Backing the winning side paid off, with Thomas being named Earl of Derby and the family acquiring the Witherslack Estate in what is now south Cumbria in 1487.
Today the 800 hectare estate is managed by Nick Stanley and has diverse interests in property, tourism, agriculture, forestry and conservation.
The Victorian era Stanleys built the grand mansion of Witherslack Hall where they lived until it became a school during the Second World War. It has remained a school ever since with the family moving down the road to the more modest Halecat House.
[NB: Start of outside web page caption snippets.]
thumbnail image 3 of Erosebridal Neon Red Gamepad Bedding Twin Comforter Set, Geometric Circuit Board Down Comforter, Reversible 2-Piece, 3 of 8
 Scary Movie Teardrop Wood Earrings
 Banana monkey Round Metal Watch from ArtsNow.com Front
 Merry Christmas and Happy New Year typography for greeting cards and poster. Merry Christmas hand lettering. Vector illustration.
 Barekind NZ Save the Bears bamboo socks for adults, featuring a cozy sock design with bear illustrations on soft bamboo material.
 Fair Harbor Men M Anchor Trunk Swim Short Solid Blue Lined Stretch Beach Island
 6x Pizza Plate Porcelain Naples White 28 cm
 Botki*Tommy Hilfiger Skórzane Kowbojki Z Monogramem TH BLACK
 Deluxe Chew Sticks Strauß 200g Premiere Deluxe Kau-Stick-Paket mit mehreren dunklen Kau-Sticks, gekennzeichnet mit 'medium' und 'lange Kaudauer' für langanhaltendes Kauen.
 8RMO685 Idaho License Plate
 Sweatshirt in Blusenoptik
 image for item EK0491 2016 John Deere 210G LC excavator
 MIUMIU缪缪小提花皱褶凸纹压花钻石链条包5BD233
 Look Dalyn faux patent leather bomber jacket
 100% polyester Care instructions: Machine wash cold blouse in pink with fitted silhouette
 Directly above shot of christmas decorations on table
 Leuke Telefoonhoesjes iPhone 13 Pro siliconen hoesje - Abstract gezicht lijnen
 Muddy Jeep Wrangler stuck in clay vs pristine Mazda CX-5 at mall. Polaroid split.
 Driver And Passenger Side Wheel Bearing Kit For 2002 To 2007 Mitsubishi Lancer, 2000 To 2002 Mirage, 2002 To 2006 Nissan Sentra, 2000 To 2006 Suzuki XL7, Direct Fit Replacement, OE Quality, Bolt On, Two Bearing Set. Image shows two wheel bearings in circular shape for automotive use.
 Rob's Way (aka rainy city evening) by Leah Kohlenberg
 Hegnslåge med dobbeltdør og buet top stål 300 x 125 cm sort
This is where Nick himself grew up with his parents Michael and Fortune.
“When I was a kid this was a working farm and the estate house had a maintenance crew of three, but when my father died 35 years ago it emptied out and it was stone dead really, which I found very unhappy,” he says.
Nick pursued a career as a theatre manager at the Everyman Theatre in Liverpool before taking over the running of the estate and making it his job to bring life back to its courtyard, buildings, woodland, meadows and orchards.
He now splits his time between living on the estate and in Liverpool with his partner Cathy.
As well as managing the estate he also works freelance as a film accountant, keeping track of and querying invoices for large movie and TV productions.
"We've had to work and we've had to invest," he says.
"But it's basically about getting your head to the point where someone comes along with an idea and you say, okay, yes, and then, actually, you find yourself being able to use other people's energies.”
Today the estate surrounds the village of Witherslack, extending as far west as Winster and the flanks of Whitbarrow fell in the east.
It comprises 35 houses which are rented out to local people, as well as well-loved nursery Abi and Tom’s Garden Plants, Halecat House and Moss Howe Campsite, which is also the location for four workshops.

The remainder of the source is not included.